Dataset excerpts
--- --- ---

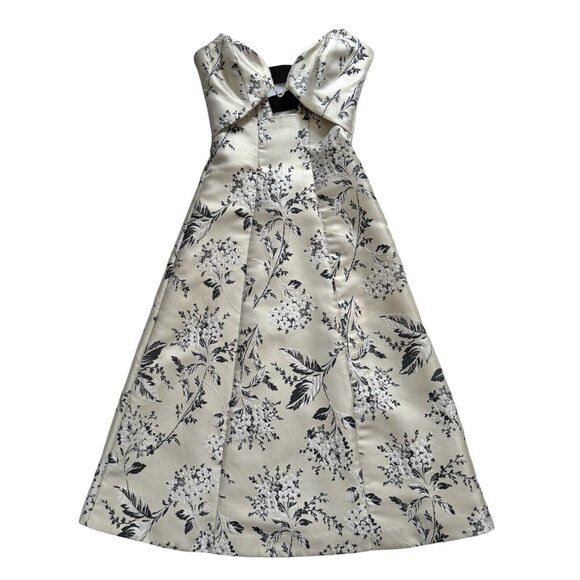 Zimmermann Dress Size 0 Floral Off White Cream Evening Gown - Picture 2 of 7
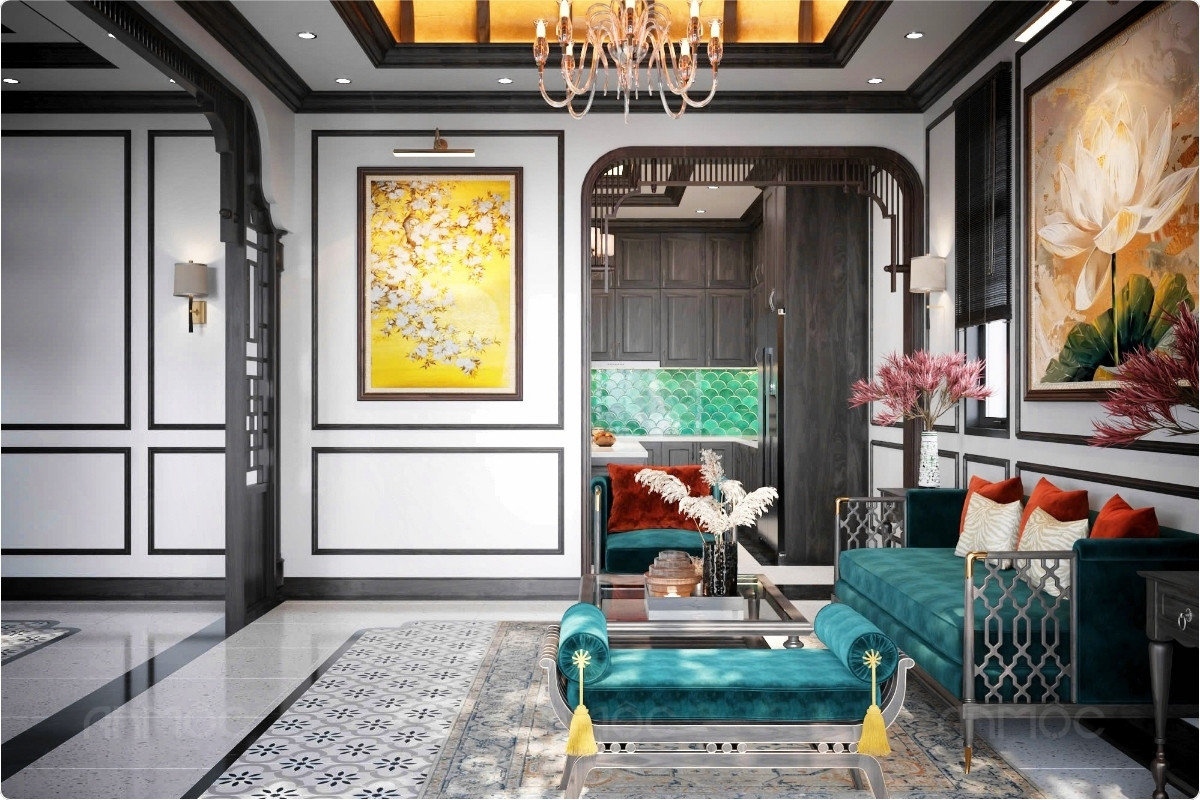 21+ Mẫu Thiết Kế Nội Thất Nhà Phố Đẹp Không Thể Bỏ Qua 2026 3012 Sử dụng màu sắc phù hợp khi thiết kế nội thất nhà phố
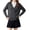 Dark Gray, variant on BXJX Girls Knit Cardigan Sweaters 7-16, Long Sleeve Cotton School Uniform Button Down Casual Cardigans with Pockets Navy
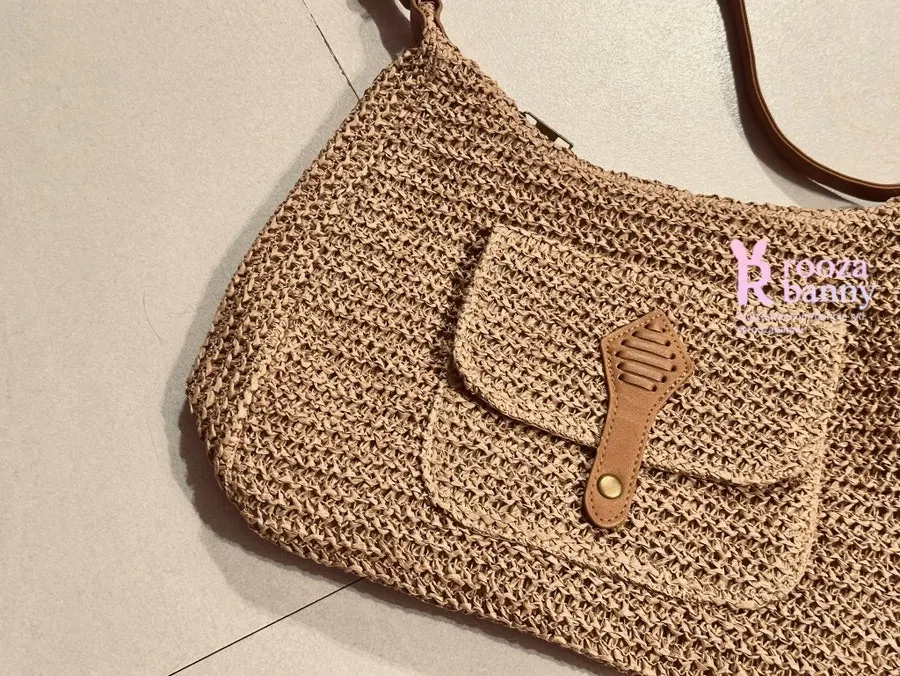 Medabag rattan bag with a rounded shape
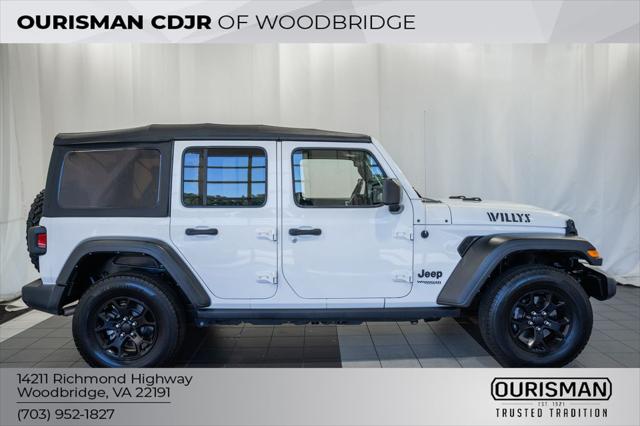 2022 Jeep Wrangler Unlimited Willys 4x4 2022 Jeep Wrangler Unlimited Willys 4x4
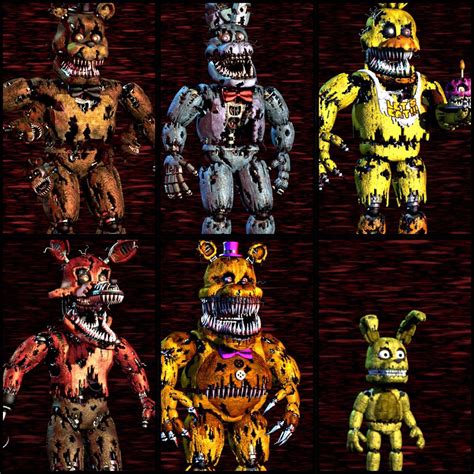 fnaf 4 characters|Five Nights at Freddy’s 4 – All Characters .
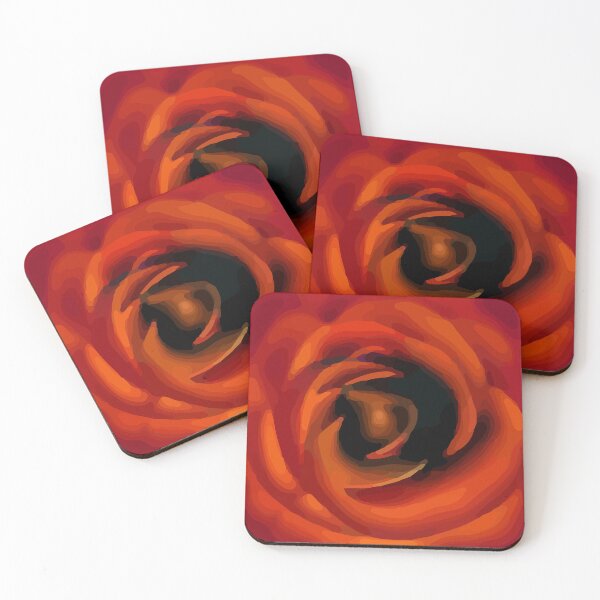 Item preview, Abstract Deep Orange Red Rose designed and sold by Unaiza Khalid.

--- --- ---

TASK GOAL:
Exactly as they stand, the entries must be written out again, pictures excluded.

SOLUTION:
 Zimmermann Dress Size 0 Floral Off White Cream Evening Gown - Picture 2 of 7
 21+ Mẫu Thiết Kế Nội Thất Nhà Phố Đẹp Không Thể Bỏ Qua 2026 3012 Sử dụng màu sắc phù hợp khi thiết kế nội thất nhà phố
 Dark Gray, variant on BXJX Girls Knit Cardigan Sweaters 7-16, Long Sleeve Cotton School Uniform Button Down Casual Cardigans with Pockets Navy
 Medabag rattan bag with a rounded shape
 2022 Jeep Wrangler Unlimited Willys 4x4 2022 Jeep Wrangler Unlimited Willys 4x4
 fnaf 4 characters|Five Nights at Freddy’s 4 – All Characters .
 Item preview, Abstract Deep Orange Red Rose designed and sold by Unaiza Khalid.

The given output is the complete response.